In order to prevent the termites 5 from entering the underfloor space 8 formed inside the cloth foundation 1, for example, inside the cloth foundation 1, The sheet material is inserted into the underfloor space 8 on the inner surface of the cloth foundation 1 and on the side surface of the cloth foundation 9 provided inside the cloth foundation 1. At least the sheet material is interposed between the cloth base 1 and the frame set B and between the cloth base 9 and the like and the frame set B or the floor set C, and the underfloor space 8 of these sheet materials is attached. At least the lower surfaces of the components such as the base used for the frame assembly B and the components such as the large pulling used for the floor assembly C are each covered with a sheet material. The lower surfaces of the frame B and the floor C are entirely made of sheet material.

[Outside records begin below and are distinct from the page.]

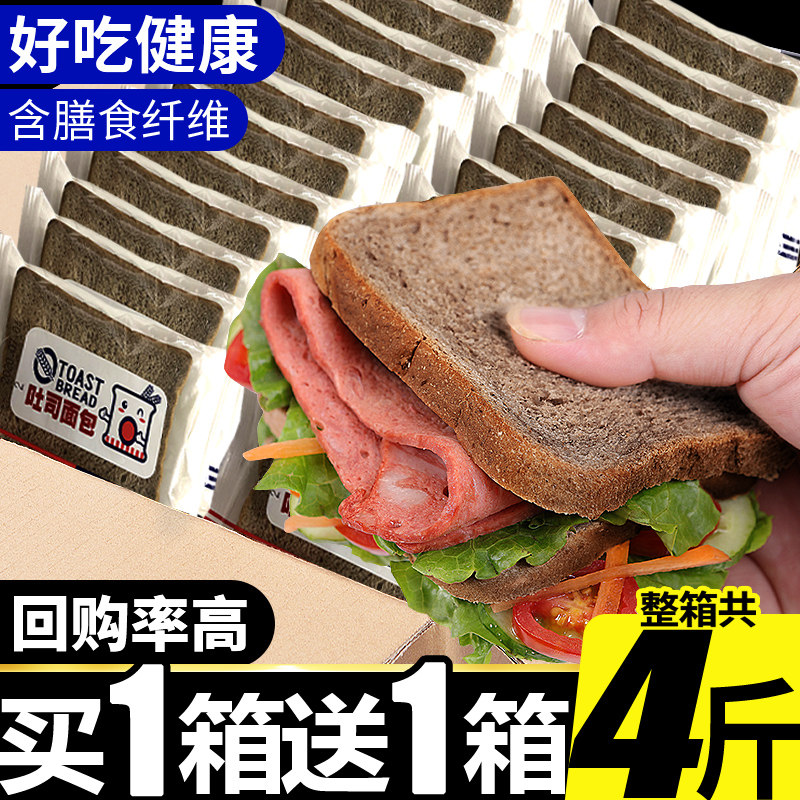 黑麦全麦面包整箱早餐速食品吐司懒人低0无糖精代餐饱腹脂肪热量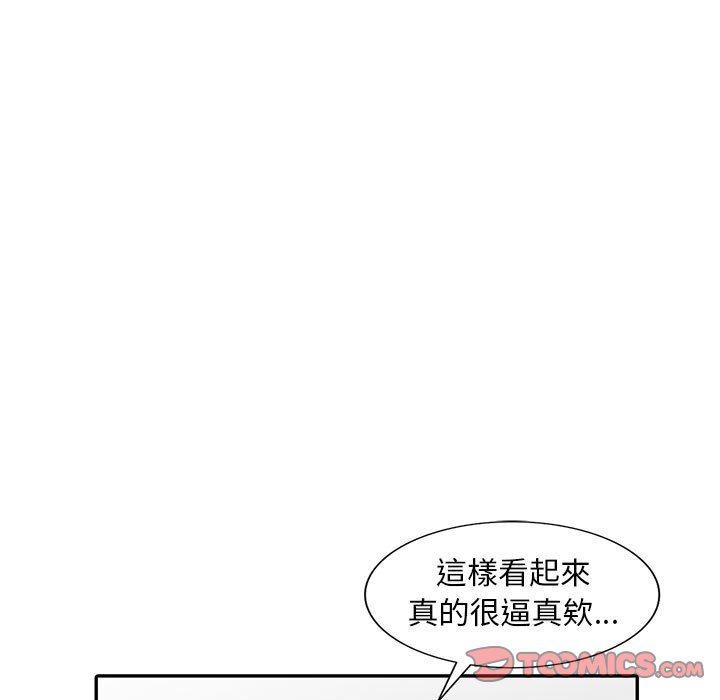 樓下房客不安分 第7章 第35页
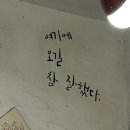운산정육점 - 서산시 운암로 1046 | 운산정육점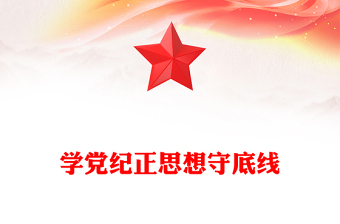 2025学党纪正思想守底线PPT大学生5月主题教育微党课(讲稿)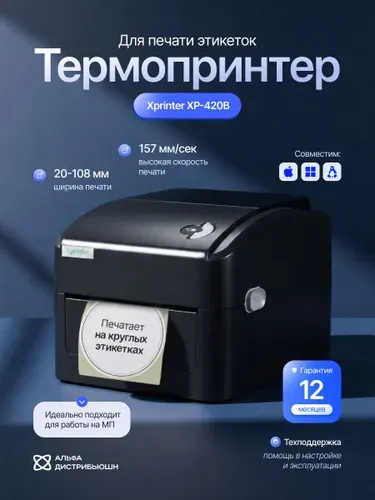 Термопринтер для этикеток Xprinter XP-420B USB/Для Ozon, маркетплейсов и Честного знака / Печать наклеек 108 мм / для печати этикеток OZON, WB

Coated over, also desirably take means like.

On the ground surface 7a facing the underfloor space 8, a moisture-proof sheet is laid as required for the purpose of, for example, moisture-proofing the underfloor space 8, and for example, discarded concrete, dried A holding layer of sand, dry gravel or the like may be provided.

As shown in FIG. 7, in the termite-proof structure of the building A according to the second embodiment, in the first embodiment, the inorganic heat insulating material 3 is brought into close contact with the upper side of the inner side surface 2b of the rising portion 2 in the first embodiment. The synthetic resin heat insulating material 6 is adhered to the lower side,
An inorganic heat insulating material 23 is laid below a slab floor 21 constructed inside the cloth foundation 1.

The earth floor 21 is constructed by embankment 24 or the like so that the upper surface 21c and the top end surface 1c of the cloth foundation 1 are at substantially the same height, but the invention is not limited to this. It may be installed at a lower position.

As described above, if the inorganic heat insulating material 23 is laid below the earth floor 21, the termites 5 do not enter the inorganic heat insulating material 23 from the embankment 24, the ground 7, or the like. There is an advantage that the effect can be maintained for a long time.
In addition, if an inexpensive synthetic resin heat insulating material 6 is interposed between the slab 21 and the inorganic heat insulating material 23 as in this embodiment, there is an advantage that the cost can be reduced.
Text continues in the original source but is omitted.